While affordances helped explain early implementation, sustained implementation appeared driven by patients, carers and mental health staff perceiving positive change. This was distinguished from affordances because these themes described experiences beyond EMPOWER offering people something but rather extended to people noticing a positive change within their daily lives. If participants noticed a positive change from using EMPOWER – they continued to do so. However, participants who had stopped noticing positive change or who never found the intervention helpful dropped off. This “perceived positive change processes” theme is very similar to the theme of perceived effectiveness noted by Steare and colleagues in their qualitative evaluation of a digital self-management psychosis app [48]. The findings here indicate that patient participants continued to engage in implementation behaviours if they perceived EMPOWER was creating positive change. This supports a call for researchers to further understand engagement in relation to the purpose of digital interventions [49] and suggests affordances and perceived intervention value may be key for achieving this.

EMPOWER was designed with an assumption that patients would share data with mental health staff who support them to reduce inherent uncertainties within EWS based relapse prevention.

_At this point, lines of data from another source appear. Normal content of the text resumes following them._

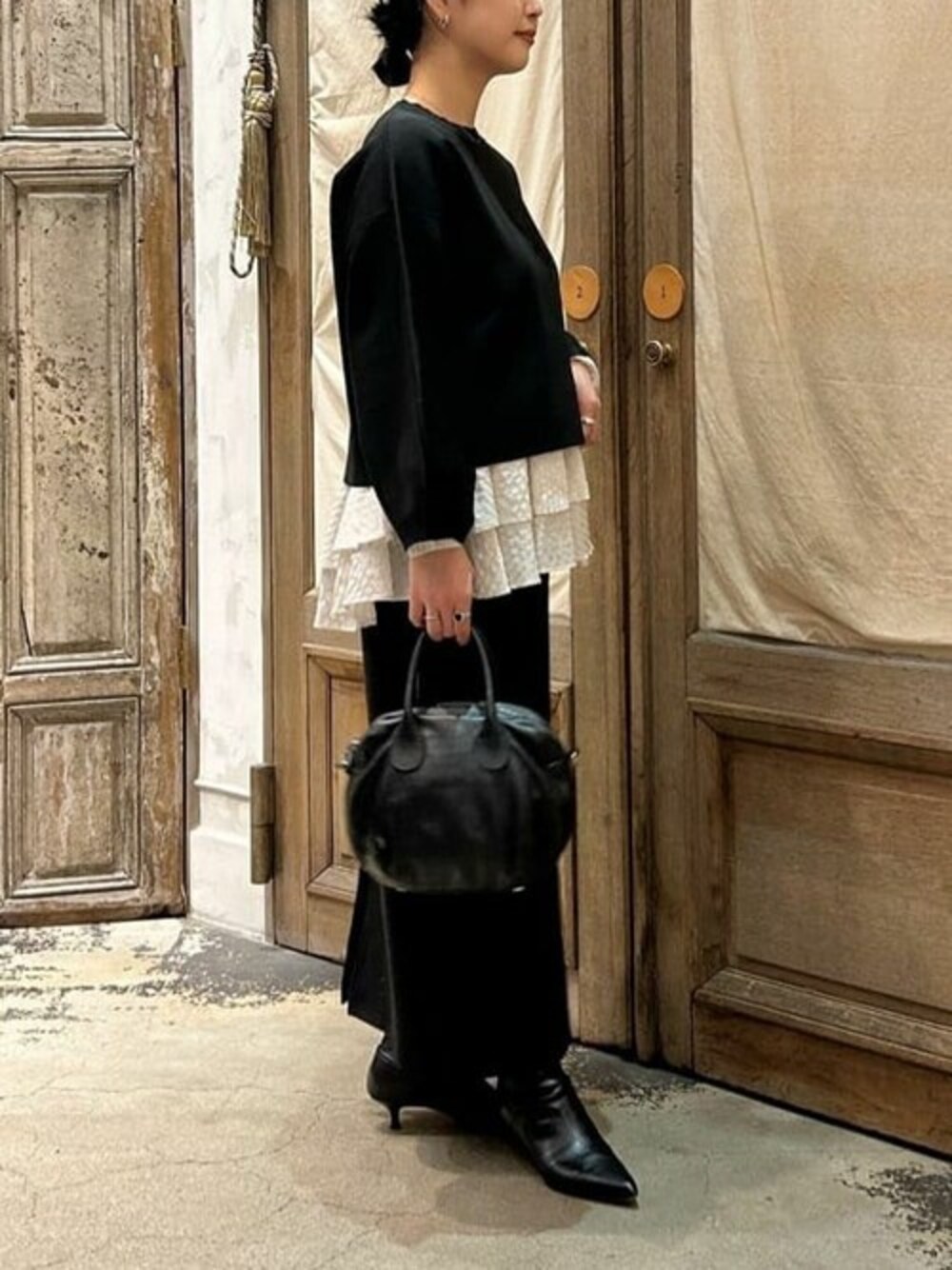 ブラック系のショルダーバッグ、ブラック系のニット/セーター、ホワイト系のシャツ/ブラウスを着用したレディースの冬コーディネートの1枚目の写真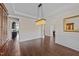Formal dining area featuring hardwood floors, crown molding, and stylish lighting fixture at 265 Beckwith Ave, Clayton, NC 27527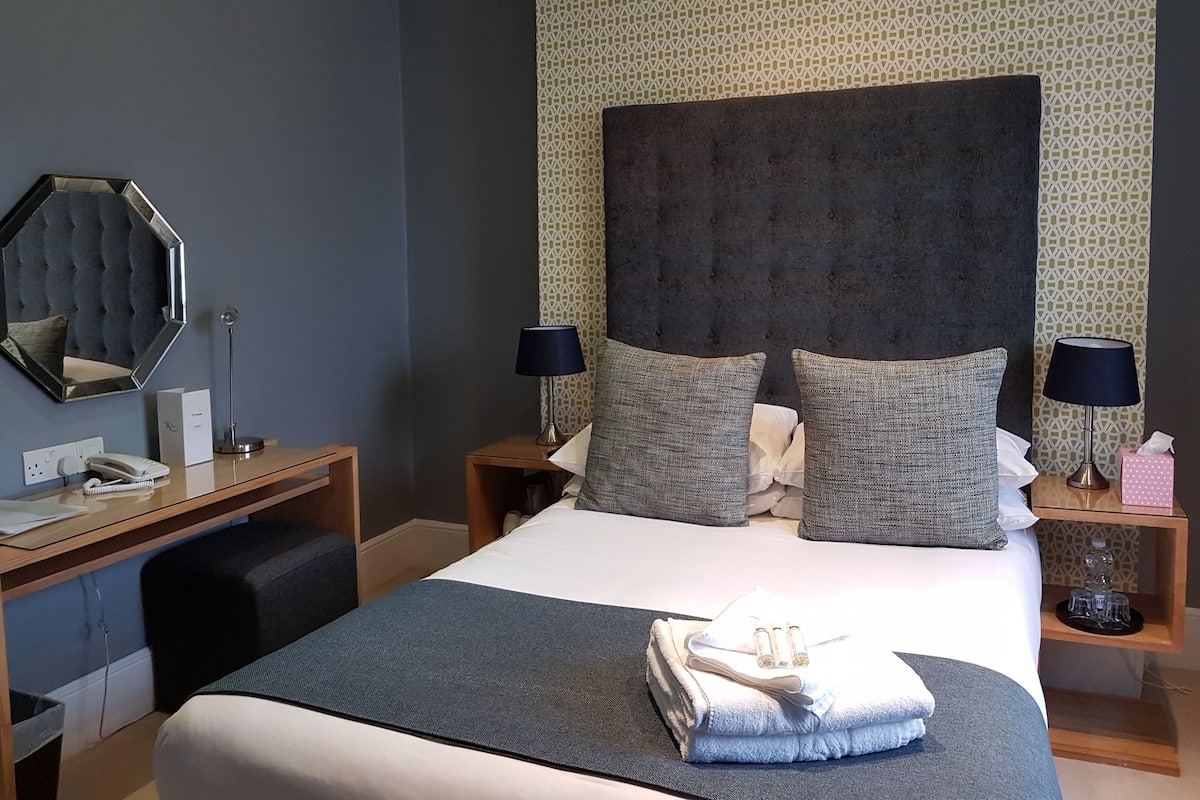 Quarto de hotel bem arrumado com uma cama grande, duas mesas de cabeceira, um espelho e papel de parede estampado.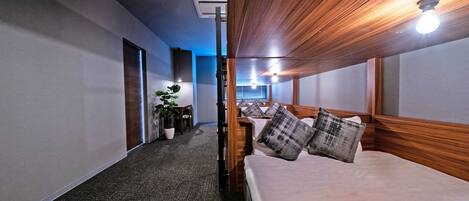 A hotel room with a large bed, a desk, a chair, and a potted plant.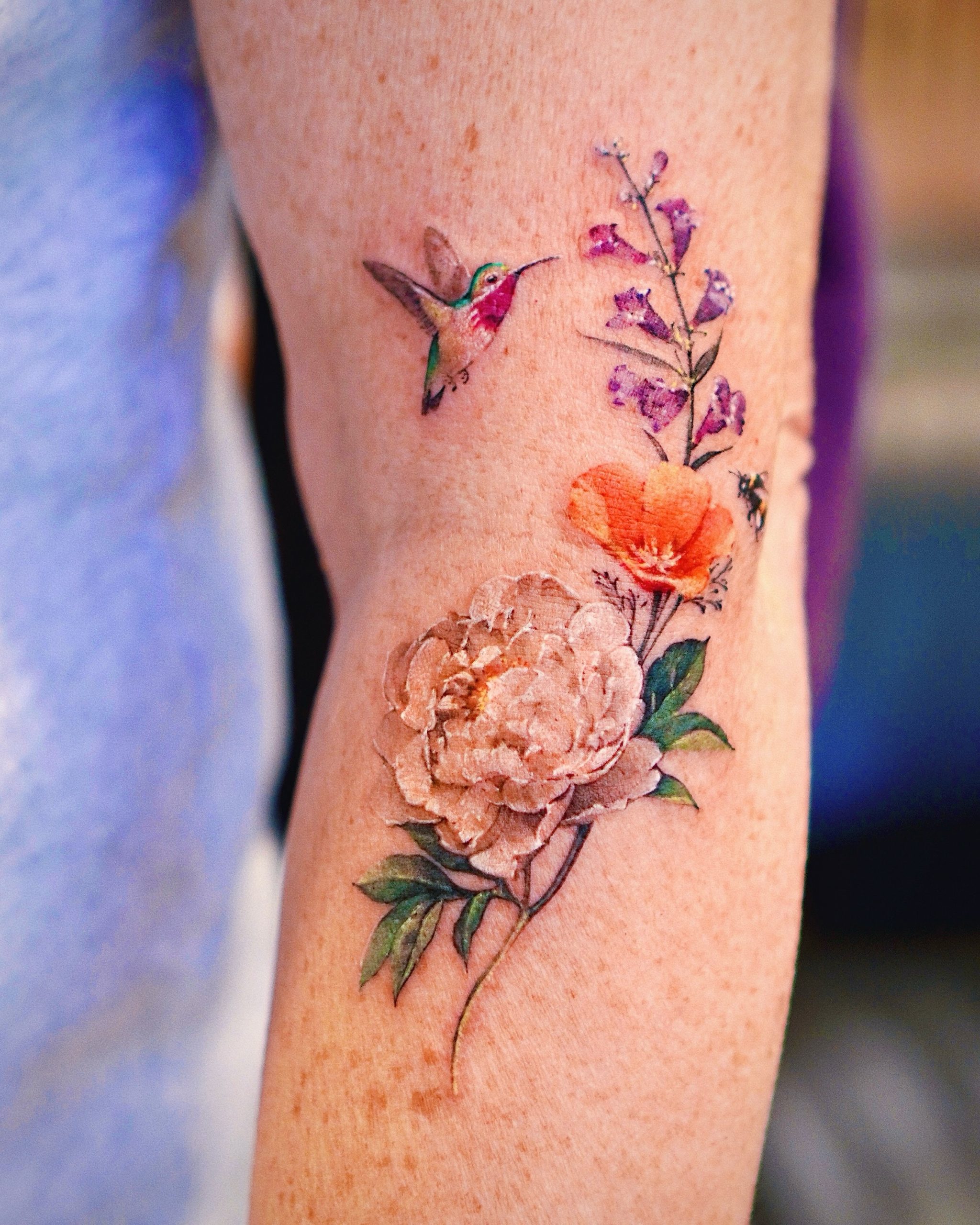 Hummingbird with Wildflower Bouquet Tattoo hummingbird tattoos ideas tattoo
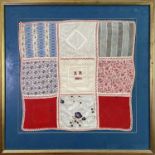 A framed Victorian textile with nine different vintage fabric panels hand stitched together to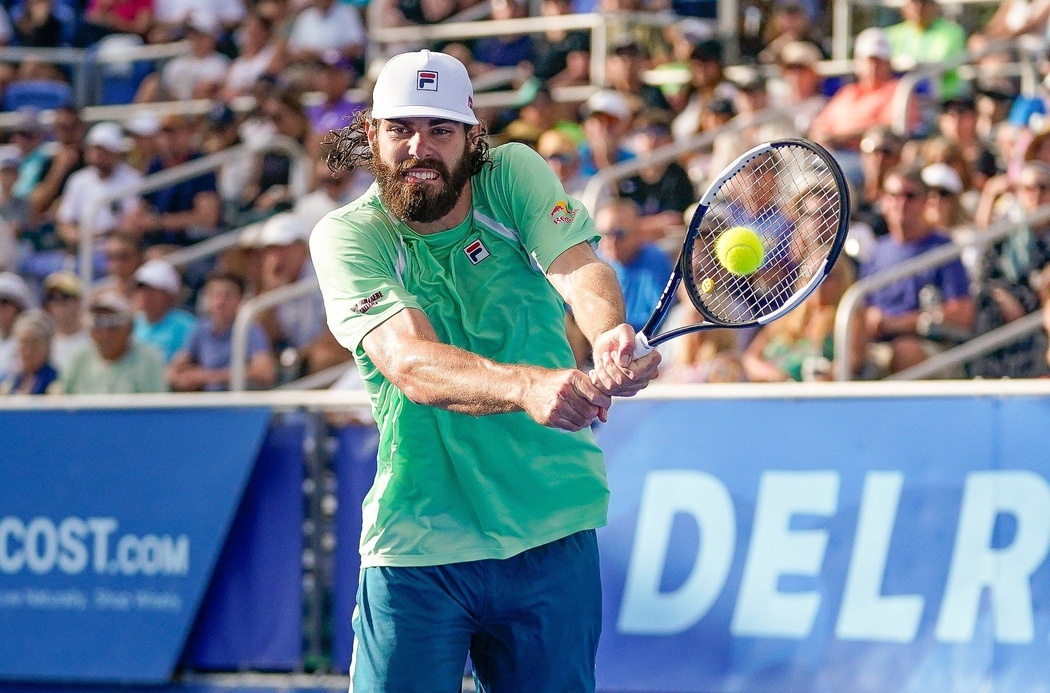 Reilly Opelka hits a backhand in Palm Beach during the 2024 tennis season.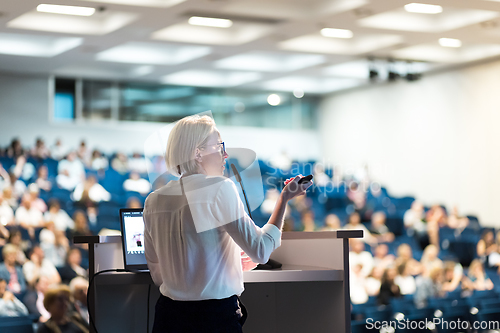 Image of Female speaker giving a talk on corporate business conference. Unrecognizable people in audience at conference hall. Business and Entrepreneurship event.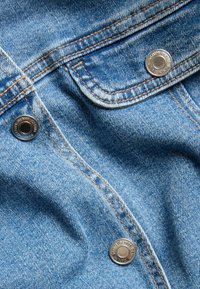 Lähellä oleva kuva sinisestä farkkukankaasta, jossa on oranssia tikkausta ja kolme metallista nappia, joissa lukee "DENIM."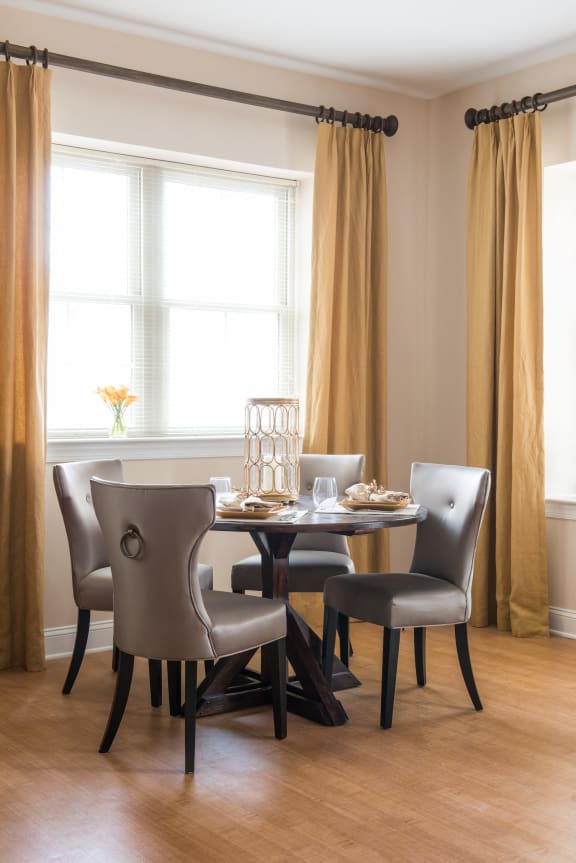 a dining room with a table and chairs and two windows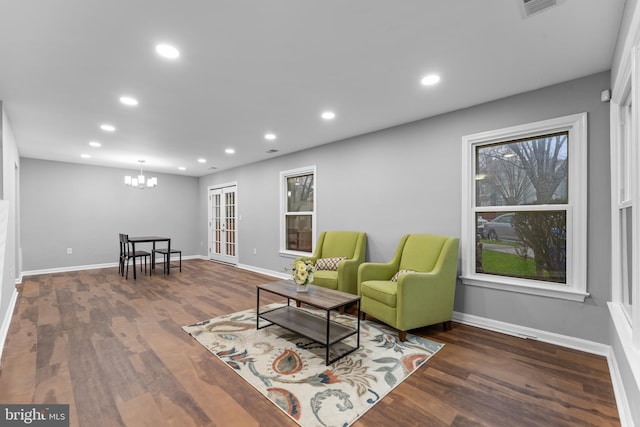 living area featuring baseboards, wood finished floors, and recessed lighting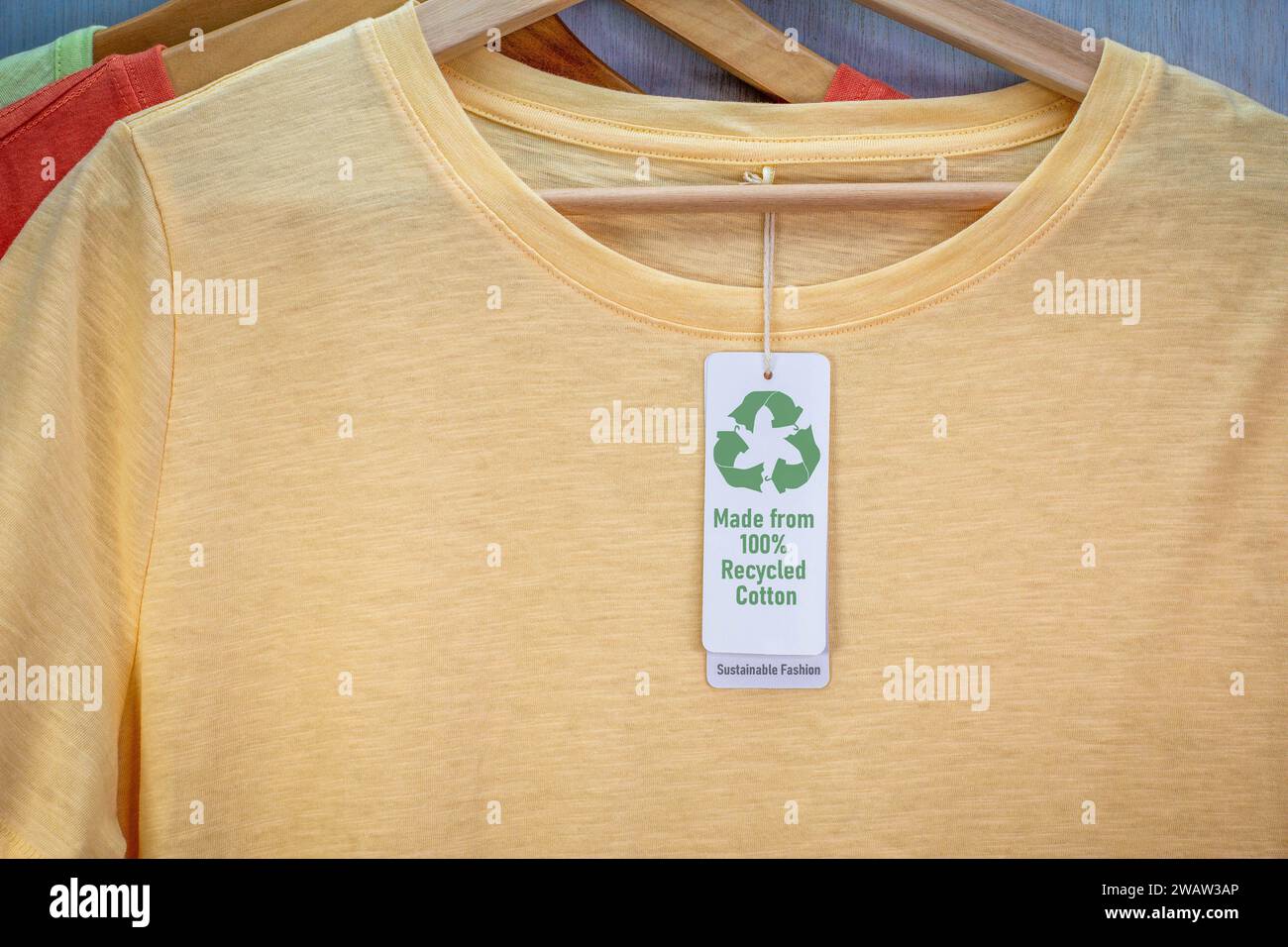 T-Shirt mit dem Symbol „Recycle Clothes“ auf dem Etikett mit Text „Sustainable Fashion“ aus 100 % recycelter Baumwolle. Nachhaltige Kreismode und ethisches Shopping Stockfoto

While there were rare examples in the interviews of patients sharing data with mental health staff to develop a shared understanding of wellbeing, typically mental health staff opted to use the fact the patient was part of the study to open conversations rather than relying on data to understand how a patient was doing. This appeared to be a positive change process for mental health staff. Staff not feeling comfortable using data generated by digital interventions is a common implementation barrier [50] and staff discomfort may explain the low levels of data sharing between patients and staff observed in the main trial [11]. However, rather than acting as an implementation barrier, staff appeared to come to believe that patients who were not in crisis that were using EMPOWER could self-manage which may have led to staff taking an even more hands-off approach to data sharing. This seemed to act as an implementation facilitator because staff kept encouraging patients to keep implementing the intervention.

Limitations

These findings should be considered in light of limitations. The Interviews were conducted with a small sub-sample of end-users and seven patients dropped out of the trial before process evaluation interviews began and withdrew consent for future data collection, which means the perspectives of people who used the intervention less because they dropped out are missing from this study. Therefore, the results likely present factors which are more relevant to patients who had more positive experiences and people we spoke to had engaged significantly more with both self-monitoring and peer support. Future research would be greatly enhanced by discovering why the intervention was less suitable for some people than others, and by conducting more interviews with people who drop out of studies early or decline to take part in a digital intervention trial in the first place. Furthermore, since all interviewees were already participants in a trial, their views may not be representative of how EMPOWER would be used within routine mental health care settings. Only one carer participated. Carers reported feeling relatively uninvolved within routine relapse management [10] and it may be the case that low carer participation within EMPOWER reflects this. Carer views on taking part in dyadic research are much needed.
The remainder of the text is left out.